All Australian legislatures must urgently address the need for accurate and effective definitions of “sex” and “gender identity” in anti-discrimination laws across Australia.
We must develop uniform laws in all Australian jurisdictions to remove confusion and to protect women.
Recent developments in gender identity protections have had a generally negative impact on women’s rights. Current sex-discrimination and anti-discrimination laws are unclear about how the new gender identity protections should interact with women’s rights under the same laws. Clarity is imperative if women’s sex-based rights are to be guaranteed.
That guarantee was broken recently in Canada when a female sexual assault victim was forced to share a room in a female-only accommodation facility with a man ‘self-identifying’ as a woman because the facility chose to be ‘inclusive’ –
In Tasmania, a newly formed group campaigning for transgender rights, Transforming Tasmania, is pressing for changes to birth registration laws that will allow the sex on a person’s birth certificate to be changed on the basis of self-identification alone, or removed altogether.

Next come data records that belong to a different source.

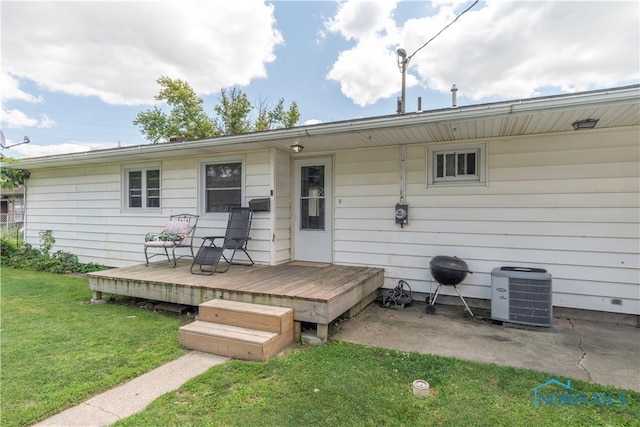 back of house featuring cooling unit, a deck, and a yard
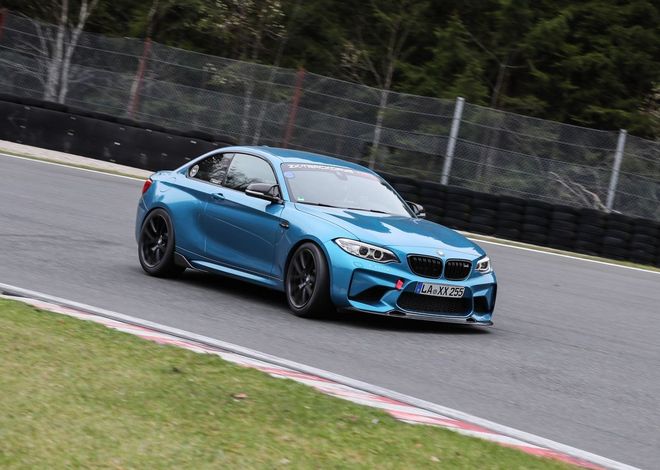 A blue sports coupé cornering on a race track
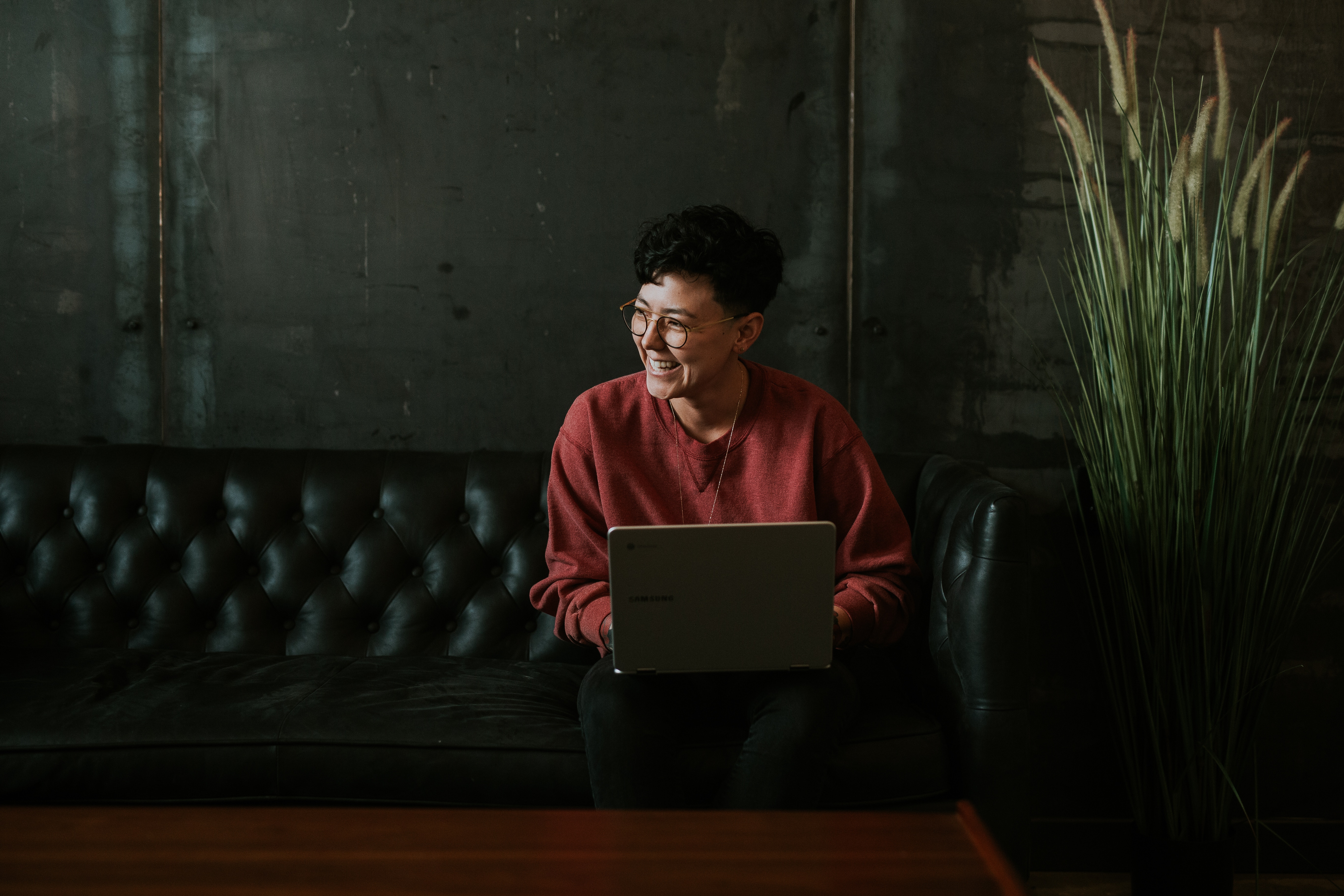 woman with glasses laughing while sitting on the couch photo by Brooke Cagle via Unsplash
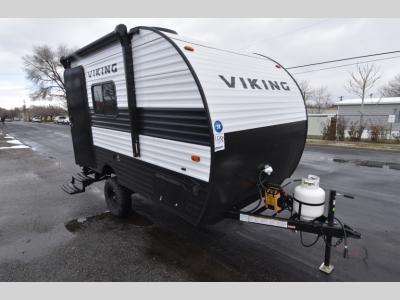 Front passenger side of 2024 Viking Saga 14SR travel trailer with propane tank and manual tongue jack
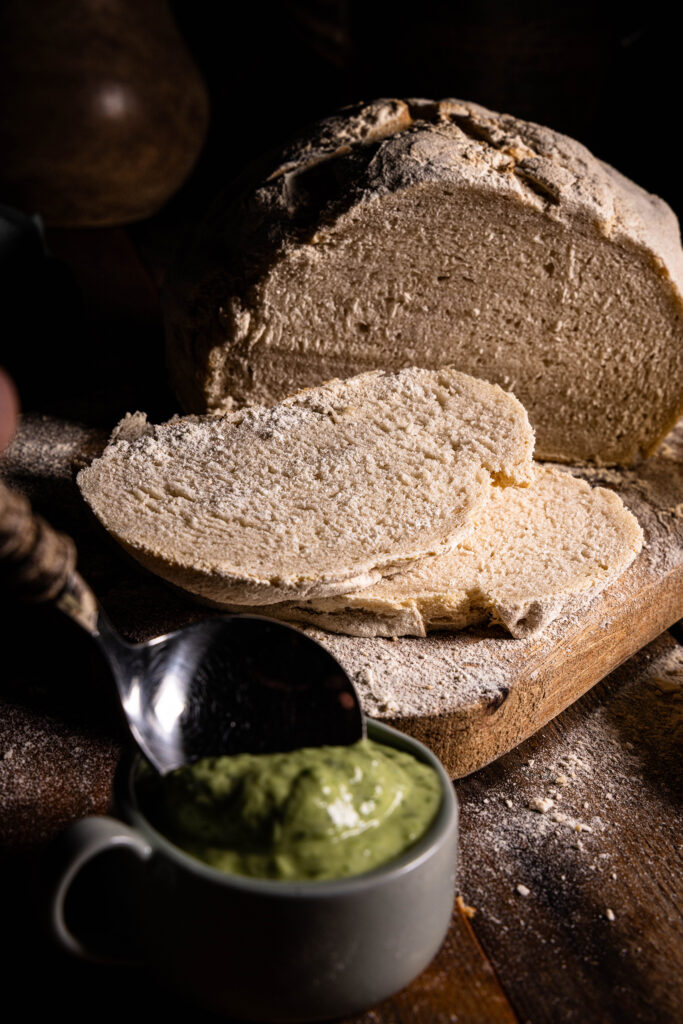 Brot, gebacken mit Wasserkefir, aufgeschnitten auf einem Holzbrett. Davor eine Schale Bärlauchaioli.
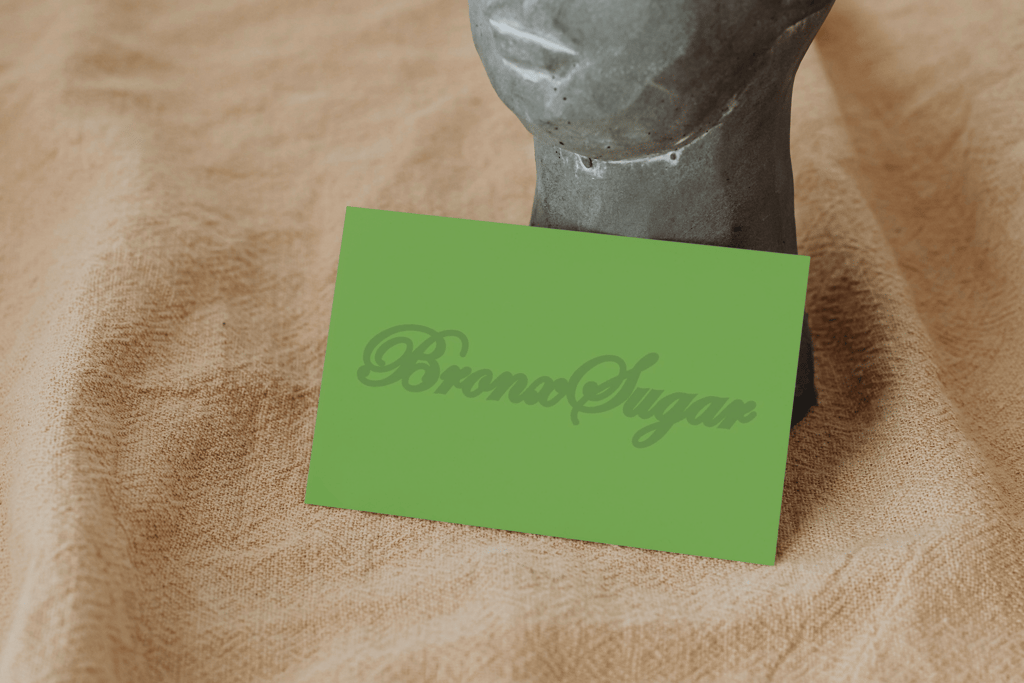 Green Bronx Sugar business card resting against a stone face statue on textured beige fabric.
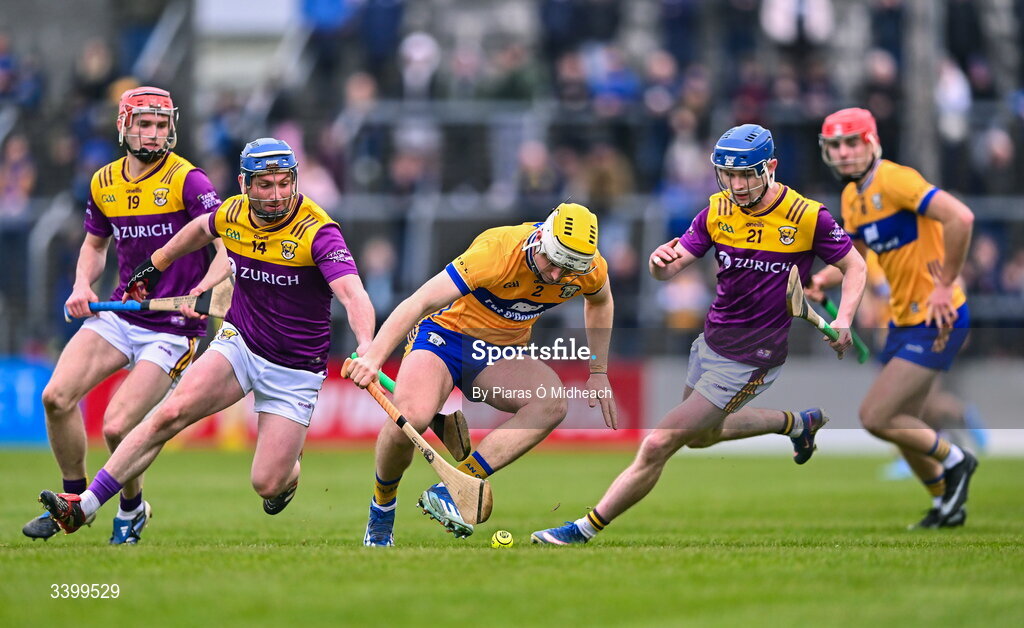 8 March 2026; Ronan Kilroy of Clare in action against Wexford players, from left, Diarmuid O’Leary, Kevin Foley and Corey Byrne Dunbar during the Allianz Hurling League Division 1B match between Clare and Wexford at Zimmer Biomet Páirc Chíosóg in Ennis, Clare. Photo by Piaras Ó Mídheach/Sportsfile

Women’s rights to single sex services, accommodation, educational institutions and sports teams, et cetera would clearly be under attack if self-identified transwomen were legally able to access them.
Given the far-reaching effects these proposed legal changes would have on women, families and the broader community, critical analysis and wide-ranging community consultation is vital, along with a thorough revamp of existing anti-discrimination laws.
Women Speak Tasmania supports the response of Woman’s Place UK to similar legislative proposals in the United Kingdom. Their simple demands were as follows –
1. Respectful and evidence-based discussion on the impact of proposed legislative changes. Women’s voices must be heard.
2. The principle of women-only spaces to be upheld and, where necessary, extended.
3. A review of how current sex-based exemptions in legislation are being applied to ensure women’s needs are met.
4. Government consultation with women’s organisations on how self-identification of sex would impact on women, and female-only services and spaces.
5. Government consultation on how self-identification of sex will impact data gathering and monitoring of sex-based discrimination.’
See –
Gender identity based protections must not be allowed to compromise women’s sex-based protections in law. Women need to assured of access to safe female-only spaces and services.